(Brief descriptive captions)
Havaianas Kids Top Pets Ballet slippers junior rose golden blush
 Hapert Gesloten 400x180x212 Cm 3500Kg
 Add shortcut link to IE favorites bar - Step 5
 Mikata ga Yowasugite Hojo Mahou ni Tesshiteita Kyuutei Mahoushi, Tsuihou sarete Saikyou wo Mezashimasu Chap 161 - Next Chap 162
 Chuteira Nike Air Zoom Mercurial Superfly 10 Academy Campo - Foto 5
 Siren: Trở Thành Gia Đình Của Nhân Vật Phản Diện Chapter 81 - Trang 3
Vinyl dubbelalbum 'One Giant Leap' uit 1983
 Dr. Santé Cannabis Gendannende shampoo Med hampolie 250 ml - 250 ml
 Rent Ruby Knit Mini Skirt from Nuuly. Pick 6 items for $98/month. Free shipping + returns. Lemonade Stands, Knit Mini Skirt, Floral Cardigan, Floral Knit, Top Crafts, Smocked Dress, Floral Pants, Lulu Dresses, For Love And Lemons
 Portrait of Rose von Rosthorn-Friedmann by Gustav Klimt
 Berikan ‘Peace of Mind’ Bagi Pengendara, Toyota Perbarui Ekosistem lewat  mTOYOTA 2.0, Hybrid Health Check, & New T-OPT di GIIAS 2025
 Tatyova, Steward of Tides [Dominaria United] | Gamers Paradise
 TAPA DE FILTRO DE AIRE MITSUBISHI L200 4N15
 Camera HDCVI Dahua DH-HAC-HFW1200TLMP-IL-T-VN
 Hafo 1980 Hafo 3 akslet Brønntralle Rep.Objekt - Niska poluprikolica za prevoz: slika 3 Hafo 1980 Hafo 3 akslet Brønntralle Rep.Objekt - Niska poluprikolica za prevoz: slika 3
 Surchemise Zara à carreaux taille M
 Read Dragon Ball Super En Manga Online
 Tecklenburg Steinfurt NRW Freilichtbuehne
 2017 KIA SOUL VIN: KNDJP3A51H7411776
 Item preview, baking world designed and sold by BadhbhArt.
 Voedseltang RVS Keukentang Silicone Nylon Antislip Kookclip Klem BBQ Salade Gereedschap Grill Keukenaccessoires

*YOUR OBJECTIVE*. Could every entry be given again exactly, with no line skipped?

*FINAL ANSWER*.
Havaianas Kids Top Pets Ballet slippers junior rose golden blush
 Hapert Gesloten 400x180x212 Cm 3500Kg
 Add shortcut link to IE favorites bar - Step 5
 Mikata ga Yowasugite Hojo Mahou ni Tesshiteita Kyuutei Mahoushi, Tsuihou sarete Saikyou wo Mezashimasu Chap 161 - Next Chap 162
 Chuteira Nike Air Zoom Mercurial Superfly 10 Academy Campo - Foto 5
 Siren: Trở Thành Gia Đình Của Nhân Vật Phản Diện Chapter 81 - Trang 3
Vinyl dubbelalbum 'One Giant Leap' uit 1983
 Dr. Santé Cannabis Gendannende shampoo Med hampolie 250 ml - 250 ml
 Rent Ruby Knit Mini Skirt from Nuuly. Pick 6 items for $98/month. Free shipping + returns. Lemonade Stands, Knit Mini Skirt, Floral Cardigan, Floral Knit, Top Crafts, Smocked Dress, Floral Pants, Lulu Dresses, For Love And Lemons
 Portrait of Rose von Rosthorn-Friedmann by Gustav Klimt
 Berikan ‘Peace of Mind’ Bagi Pengendara, Toyota Perbarui Ekosistem lewat  mTOYOTA 2.0, Hybrid Health Check, & New T-OPT di GIIAS 2025
 Tatyova, Steward of Tides [Dominaria United] | Gamers Paradise
 TAPA DE FILTRO DE AIRE MITSUBISHI L200 4N15
 Camera HDCVI Dahua DH-HAC-HFW1200TLMP-IL-T-VN
 Hafo 1980 Hafo 3 akslet Brønntralle Rep.Objekt - Niska poluprikolica za prevoz: slika 3 Hafo 1980 Hafo 3 akslet Brønntralle Rep.Objekt - Niska poluprikolica za prevoz: slika 3
 Surchemise Zara à carreaux taille M
 Read Dragon Ball Super En Manga Online
 Tecklenburg Steinfurt NRW Freilichtbuehne
 2017 KIA SOUL VIN: KNDJP3A51H7411776
 Item preview, baking world designed and sold by BadhbhArt.
 Voedseltang RVS Keukentang Silicone Nylon Antislip Kookclip Klem BBQ Salade Gereedschap Grill Keukenaccessoires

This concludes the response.